Undoubtedly the domestic economy, security of its citizens and effective delivery of social security and health services must be priority. These challenges will be accentuated by the young voters, who constitute almost 21% of the electorate and have high aspirations, a low threshold of tolerance and demand visibly different policies from what they have witnessed over the years.
This makes it imperative for any new government to ensure that impactful and visible delivery begins within the first six months. Failure to do so will subject it to trenchant, persistent and possibly debilitating criticism.
A few immediate foreign and strategic policy challenges will, however, have to be tackled equally promptly if India is not to be marginalised even in its own strategic neighbourhood.
Most immediate are the developments unfolding in Afghanistan and the threat from Pakistan. As US troops prepare for withdrawal from Afghanistan and hitherto effective CIA-trained specialist forces begin to go home, the Taliban will regain lost ground in the Afghan countryside.
Attacks against the Afghan and international security forces have already intensified. This will simultaneously relieve pressure on Pakistan’s borders. India will have to find ways to retain meaningful influence in Afghanistan.

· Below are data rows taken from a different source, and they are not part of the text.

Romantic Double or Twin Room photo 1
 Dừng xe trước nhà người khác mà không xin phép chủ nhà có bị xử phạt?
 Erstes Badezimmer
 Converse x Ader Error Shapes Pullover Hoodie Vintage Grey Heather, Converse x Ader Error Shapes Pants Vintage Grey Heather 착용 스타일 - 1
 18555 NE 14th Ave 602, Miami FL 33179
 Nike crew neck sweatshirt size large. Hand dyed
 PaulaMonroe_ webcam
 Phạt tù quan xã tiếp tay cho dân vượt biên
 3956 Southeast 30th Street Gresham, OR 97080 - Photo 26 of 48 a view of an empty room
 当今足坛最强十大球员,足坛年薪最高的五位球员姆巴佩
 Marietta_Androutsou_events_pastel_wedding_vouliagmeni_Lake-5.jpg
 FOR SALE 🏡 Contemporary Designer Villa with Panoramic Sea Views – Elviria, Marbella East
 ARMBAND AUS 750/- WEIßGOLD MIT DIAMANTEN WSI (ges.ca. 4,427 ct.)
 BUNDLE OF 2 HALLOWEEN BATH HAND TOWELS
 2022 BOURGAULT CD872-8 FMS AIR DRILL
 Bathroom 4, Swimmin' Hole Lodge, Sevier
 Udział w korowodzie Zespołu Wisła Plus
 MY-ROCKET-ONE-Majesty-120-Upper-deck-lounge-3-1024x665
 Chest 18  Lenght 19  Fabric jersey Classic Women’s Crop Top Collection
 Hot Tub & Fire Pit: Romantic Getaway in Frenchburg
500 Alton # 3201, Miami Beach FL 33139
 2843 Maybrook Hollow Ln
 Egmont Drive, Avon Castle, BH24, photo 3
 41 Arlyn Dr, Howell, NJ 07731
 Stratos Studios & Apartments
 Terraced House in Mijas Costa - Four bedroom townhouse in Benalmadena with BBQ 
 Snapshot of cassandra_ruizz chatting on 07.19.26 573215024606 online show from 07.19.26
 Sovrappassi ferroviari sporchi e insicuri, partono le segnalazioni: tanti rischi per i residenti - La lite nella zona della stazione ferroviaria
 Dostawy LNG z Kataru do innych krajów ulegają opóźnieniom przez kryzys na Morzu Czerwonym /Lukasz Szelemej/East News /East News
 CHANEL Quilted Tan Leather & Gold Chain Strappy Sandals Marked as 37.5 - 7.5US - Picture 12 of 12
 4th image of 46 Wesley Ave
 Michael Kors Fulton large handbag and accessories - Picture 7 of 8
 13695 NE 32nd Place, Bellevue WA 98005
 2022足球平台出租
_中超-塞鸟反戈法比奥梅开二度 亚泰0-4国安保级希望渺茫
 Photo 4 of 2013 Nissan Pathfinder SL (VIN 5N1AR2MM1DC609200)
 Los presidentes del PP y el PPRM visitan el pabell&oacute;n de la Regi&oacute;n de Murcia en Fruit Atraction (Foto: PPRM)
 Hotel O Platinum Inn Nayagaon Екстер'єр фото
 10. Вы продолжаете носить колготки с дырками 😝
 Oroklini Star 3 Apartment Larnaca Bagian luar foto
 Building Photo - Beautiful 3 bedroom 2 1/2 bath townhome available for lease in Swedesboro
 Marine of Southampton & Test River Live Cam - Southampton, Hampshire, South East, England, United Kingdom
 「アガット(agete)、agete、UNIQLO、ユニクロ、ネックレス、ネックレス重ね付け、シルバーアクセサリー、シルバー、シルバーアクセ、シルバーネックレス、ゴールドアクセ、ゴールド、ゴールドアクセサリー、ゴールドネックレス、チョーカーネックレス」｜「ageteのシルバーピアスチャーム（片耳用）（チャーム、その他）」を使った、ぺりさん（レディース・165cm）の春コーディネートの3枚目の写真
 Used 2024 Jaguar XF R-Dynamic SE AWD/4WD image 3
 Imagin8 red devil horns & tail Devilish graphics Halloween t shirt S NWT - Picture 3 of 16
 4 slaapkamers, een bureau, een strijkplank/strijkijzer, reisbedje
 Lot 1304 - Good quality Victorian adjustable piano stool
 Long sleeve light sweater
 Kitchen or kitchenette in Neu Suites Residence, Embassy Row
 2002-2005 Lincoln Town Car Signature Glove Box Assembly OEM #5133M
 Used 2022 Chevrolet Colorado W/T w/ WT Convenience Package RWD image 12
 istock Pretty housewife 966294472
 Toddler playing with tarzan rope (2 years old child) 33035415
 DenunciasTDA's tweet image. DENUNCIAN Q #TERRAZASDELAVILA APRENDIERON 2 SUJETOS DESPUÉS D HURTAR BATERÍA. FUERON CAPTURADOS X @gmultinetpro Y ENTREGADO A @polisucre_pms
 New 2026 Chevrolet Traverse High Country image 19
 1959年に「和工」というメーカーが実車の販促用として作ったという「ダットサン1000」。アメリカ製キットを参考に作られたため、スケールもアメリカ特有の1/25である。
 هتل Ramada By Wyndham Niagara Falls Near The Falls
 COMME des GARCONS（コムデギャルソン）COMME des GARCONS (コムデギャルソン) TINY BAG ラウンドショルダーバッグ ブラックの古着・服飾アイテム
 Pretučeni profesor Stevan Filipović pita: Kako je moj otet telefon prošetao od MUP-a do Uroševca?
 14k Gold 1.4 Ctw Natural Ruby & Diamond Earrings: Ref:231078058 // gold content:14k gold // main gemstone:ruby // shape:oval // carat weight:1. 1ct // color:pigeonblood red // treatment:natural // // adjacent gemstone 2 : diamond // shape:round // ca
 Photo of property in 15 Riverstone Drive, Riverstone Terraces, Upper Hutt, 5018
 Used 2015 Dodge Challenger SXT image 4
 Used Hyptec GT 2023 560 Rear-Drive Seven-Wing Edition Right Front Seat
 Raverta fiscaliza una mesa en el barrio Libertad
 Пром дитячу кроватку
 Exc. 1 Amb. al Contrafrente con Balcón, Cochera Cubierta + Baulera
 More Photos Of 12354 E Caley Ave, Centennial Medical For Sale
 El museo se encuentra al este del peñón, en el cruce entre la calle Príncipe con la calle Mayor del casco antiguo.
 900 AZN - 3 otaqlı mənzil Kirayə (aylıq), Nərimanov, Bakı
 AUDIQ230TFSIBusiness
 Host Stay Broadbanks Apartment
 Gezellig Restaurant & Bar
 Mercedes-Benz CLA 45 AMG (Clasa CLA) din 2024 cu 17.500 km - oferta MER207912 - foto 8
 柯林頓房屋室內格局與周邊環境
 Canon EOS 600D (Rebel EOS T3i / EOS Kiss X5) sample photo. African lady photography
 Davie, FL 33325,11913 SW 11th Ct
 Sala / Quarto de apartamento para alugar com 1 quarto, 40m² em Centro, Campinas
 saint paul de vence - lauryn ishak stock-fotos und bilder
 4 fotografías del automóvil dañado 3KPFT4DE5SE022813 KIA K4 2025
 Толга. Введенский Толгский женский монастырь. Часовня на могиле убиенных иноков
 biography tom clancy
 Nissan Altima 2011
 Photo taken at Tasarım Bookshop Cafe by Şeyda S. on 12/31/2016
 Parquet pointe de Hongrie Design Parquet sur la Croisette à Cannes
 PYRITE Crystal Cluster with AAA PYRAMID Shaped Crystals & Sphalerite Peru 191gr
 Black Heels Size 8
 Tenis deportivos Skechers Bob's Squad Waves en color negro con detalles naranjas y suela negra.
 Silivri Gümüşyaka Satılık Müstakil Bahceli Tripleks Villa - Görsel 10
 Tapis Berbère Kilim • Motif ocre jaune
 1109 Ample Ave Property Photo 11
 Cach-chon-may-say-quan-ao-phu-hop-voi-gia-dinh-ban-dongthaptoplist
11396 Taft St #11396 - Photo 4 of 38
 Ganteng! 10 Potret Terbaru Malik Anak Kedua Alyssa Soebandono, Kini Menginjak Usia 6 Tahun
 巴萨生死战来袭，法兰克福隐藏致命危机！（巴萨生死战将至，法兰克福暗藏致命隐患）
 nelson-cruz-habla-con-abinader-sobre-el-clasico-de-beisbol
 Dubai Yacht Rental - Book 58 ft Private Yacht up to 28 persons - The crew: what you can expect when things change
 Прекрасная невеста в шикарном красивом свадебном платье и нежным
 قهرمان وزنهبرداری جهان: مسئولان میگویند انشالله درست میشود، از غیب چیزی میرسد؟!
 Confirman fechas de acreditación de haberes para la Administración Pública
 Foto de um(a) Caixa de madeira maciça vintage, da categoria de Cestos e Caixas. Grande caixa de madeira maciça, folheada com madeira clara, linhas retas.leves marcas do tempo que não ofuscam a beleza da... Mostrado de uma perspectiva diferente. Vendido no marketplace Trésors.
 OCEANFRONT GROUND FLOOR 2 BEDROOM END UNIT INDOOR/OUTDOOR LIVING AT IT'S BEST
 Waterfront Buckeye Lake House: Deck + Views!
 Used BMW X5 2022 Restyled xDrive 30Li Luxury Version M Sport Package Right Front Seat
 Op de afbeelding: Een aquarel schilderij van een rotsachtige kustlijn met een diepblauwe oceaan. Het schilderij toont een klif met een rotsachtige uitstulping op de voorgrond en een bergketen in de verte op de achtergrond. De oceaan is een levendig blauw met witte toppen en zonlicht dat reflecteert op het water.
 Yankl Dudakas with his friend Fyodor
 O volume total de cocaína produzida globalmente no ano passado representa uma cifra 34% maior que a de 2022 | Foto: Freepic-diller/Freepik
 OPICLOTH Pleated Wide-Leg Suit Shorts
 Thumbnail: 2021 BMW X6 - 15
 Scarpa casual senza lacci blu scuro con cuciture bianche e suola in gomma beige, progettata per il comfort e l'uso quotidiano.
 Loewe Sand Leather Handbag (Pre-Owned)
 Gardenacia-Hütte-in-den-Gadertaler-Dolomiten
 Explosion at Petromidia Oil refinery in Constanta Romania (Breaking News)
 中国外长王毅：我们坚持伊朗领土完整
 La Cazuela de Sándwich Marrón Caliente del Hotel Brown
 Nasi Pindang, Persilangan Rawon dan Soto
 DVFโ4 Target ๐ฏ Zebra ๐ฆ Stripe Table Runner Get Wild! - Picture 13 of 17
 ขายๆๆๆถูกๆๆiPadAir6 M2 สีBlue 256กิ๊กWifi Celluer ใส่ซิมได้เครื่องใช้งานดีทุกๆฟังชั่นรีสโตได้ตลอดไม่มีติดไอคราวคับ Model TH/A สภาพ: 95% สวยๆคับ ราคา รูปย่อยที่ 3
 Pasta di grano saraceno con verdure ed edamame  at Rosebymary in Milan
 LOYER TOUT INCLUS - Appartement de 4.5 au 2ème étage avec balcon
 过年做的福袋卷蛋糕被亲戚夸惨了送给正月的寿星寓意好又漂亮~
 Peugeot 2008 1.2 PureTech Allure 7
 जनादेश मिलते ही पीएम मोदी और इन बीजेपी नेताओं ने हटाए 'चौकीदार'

Pakistan’s establishment has in the past few weeks signalled its readiness to allow terrorist actions against India by increasing the incidence of firing along the LoC, attempting to push in terrorists, and permitting free movement by leaders of jihadi terrorist groups like Hafiz Saeed and Masood Azhar. India’s new leadership will need to keep carefully calibrated ripostes ready for prompt implementation against imminent terrorist attacks.
More significant, but longer-term, is the challenge posed by China’s recently unveiled policy of ‘Peripheral Diplomacy’ (zhoubian), which brings India’s strategically sensitive borders and neighbourhood within the ambit of Beijing’s assertive foreign policy.
This policy for the first time ever categorises neighbouring countries as ‘friends’ and ‘enemies’ and warns those obstructing China’s quest for pre-eminence in the region to be prepared for punitive measures over a sustained period.
It seeks to co-opt neighbours into supporting its regional ambitions through either outright financial largesse or economic dependency, supplemented by a network of bilateral and regional security alliances. The latter raises the spectre of India being ringed by China-led, or China-dominated, security alliances.